## EXERCISE DETAILS
Copy the records below in full and leave every image out of the copy.
*** Opening SUPPLIED INFORMATION ***
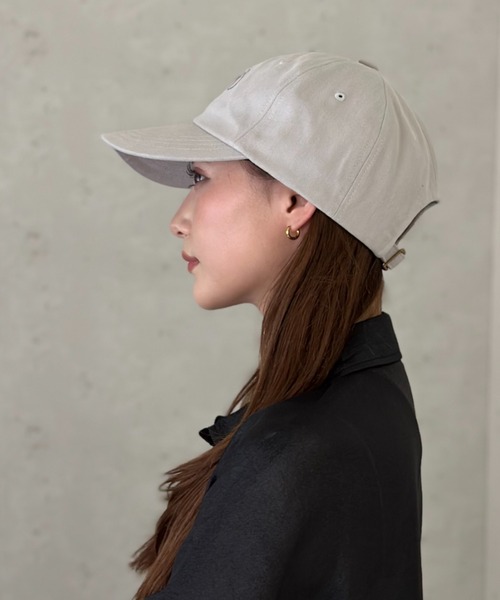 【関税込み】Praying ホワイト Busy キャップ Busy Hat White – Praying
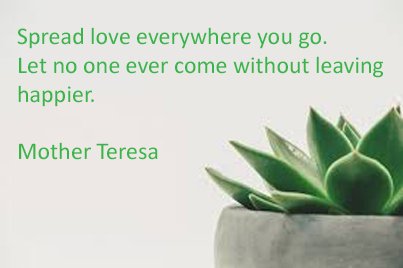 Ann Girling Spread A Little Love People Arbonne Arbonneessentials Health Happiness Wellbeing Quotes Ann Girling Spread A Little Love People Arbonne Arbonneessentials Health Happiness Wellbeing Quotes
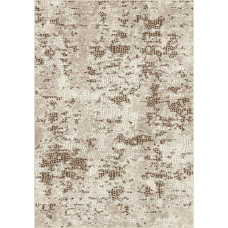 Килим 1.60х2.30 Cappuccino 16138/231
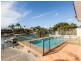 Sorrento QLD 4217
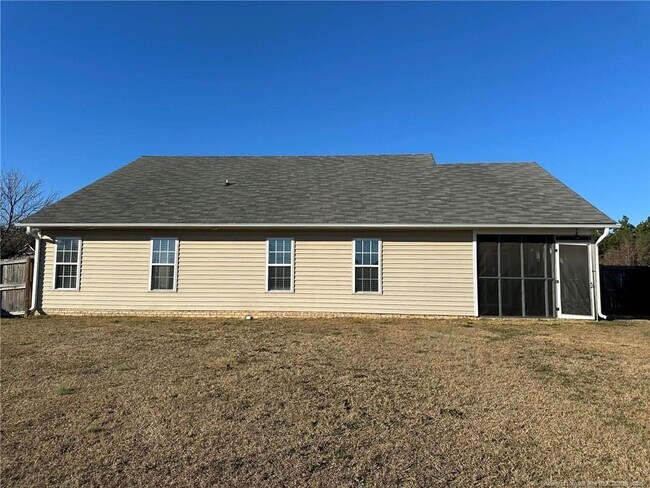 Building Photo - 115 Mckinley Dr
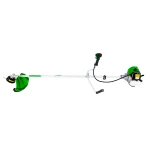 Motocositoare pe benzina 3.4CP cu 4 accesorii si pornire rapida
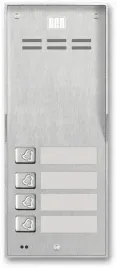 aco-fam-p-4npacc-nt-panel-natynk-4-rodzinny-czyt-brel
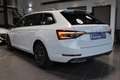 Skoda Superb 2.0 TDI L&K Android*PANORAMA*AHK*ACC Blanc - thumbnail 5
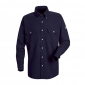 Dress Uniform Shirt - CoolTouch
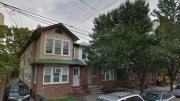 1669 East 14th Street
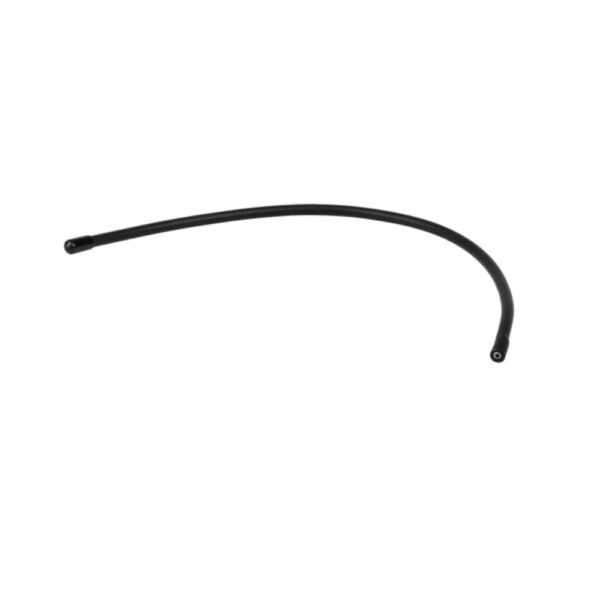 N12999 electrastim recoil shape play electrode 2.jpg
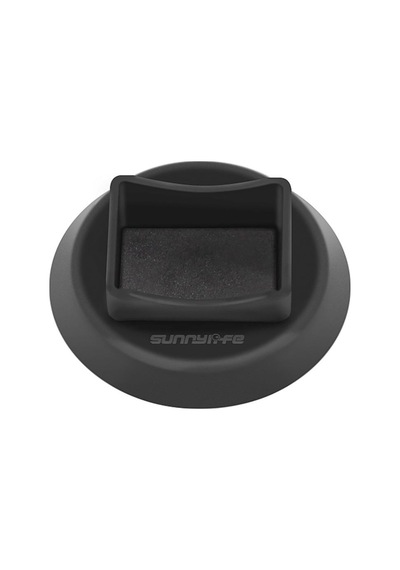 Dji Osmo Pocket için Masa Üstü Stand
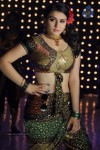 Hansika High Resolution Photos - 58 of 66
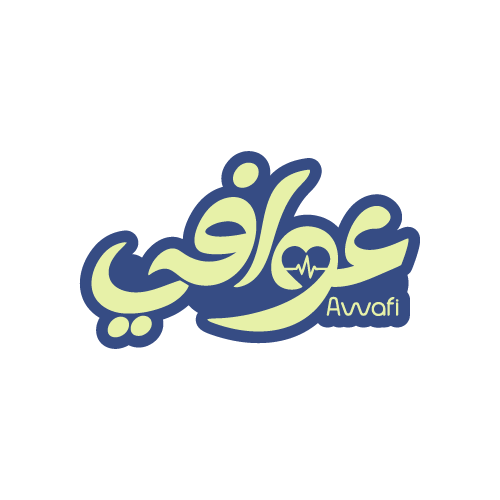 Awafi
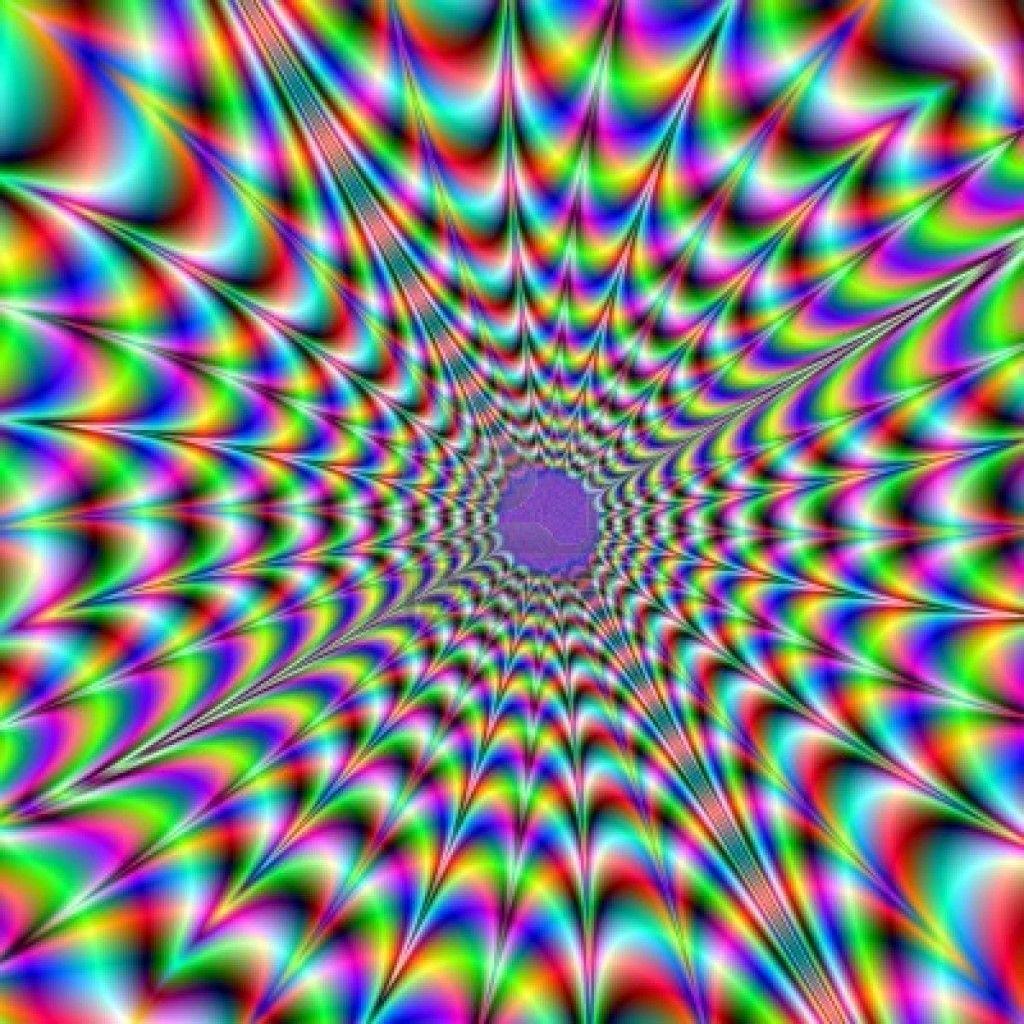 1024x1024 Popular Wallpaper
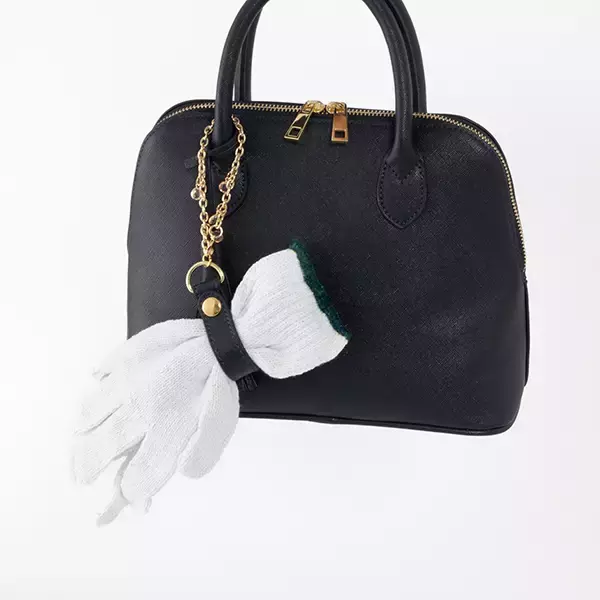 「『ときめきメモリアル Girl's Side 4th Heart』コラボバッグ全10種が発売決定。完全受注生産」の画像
*** Closing SUPPLIED INFORMATION ***
## EXERCISE SOLUTION
 【関税込み】Praying ホワイト Busy キャップ Busy Hat White – Praying
 Ann Girling Spread A Little Love People Arbonne Arbonneessentials Health Happiness Wellbeing Quotes Ann Girling Spread A Little Love People Arbonne Arbonneessentials Health Happiness Wellbeing Quotes
 Килим 1.60х2.30 Cappuccino 16138/231
 Sorrento QLD 4217
 Building Photo - 115 Mckinley Dr
 Motocositoare pe benzina 3.4CP cu 4 accesorii si pornire rapida
 aco-fam-p-4npacc-nt-panel-natynk-4-rodzinny-czyt-brel
 Skoda Superb 2.0 TDI L&K Android*PANORAMA*AHK*ACC Blanc - thumbnail 5
 Dress Uniform Shirt - CoolTouch
 1669 East 14th Street
 N12999 electrastim recoil shape play electrode 2.jpg
 Dji Osmo Pocket için Masa Üstü Stand
 Hansika High Resolution Photos - 58 of 66
 Awafi
 1024x1024 Popular Wallpaper
 「『ときめきメモリアル Girl's Side 4th Heart』コラボバッグ全10種が発売決定。完全受注生産」の画像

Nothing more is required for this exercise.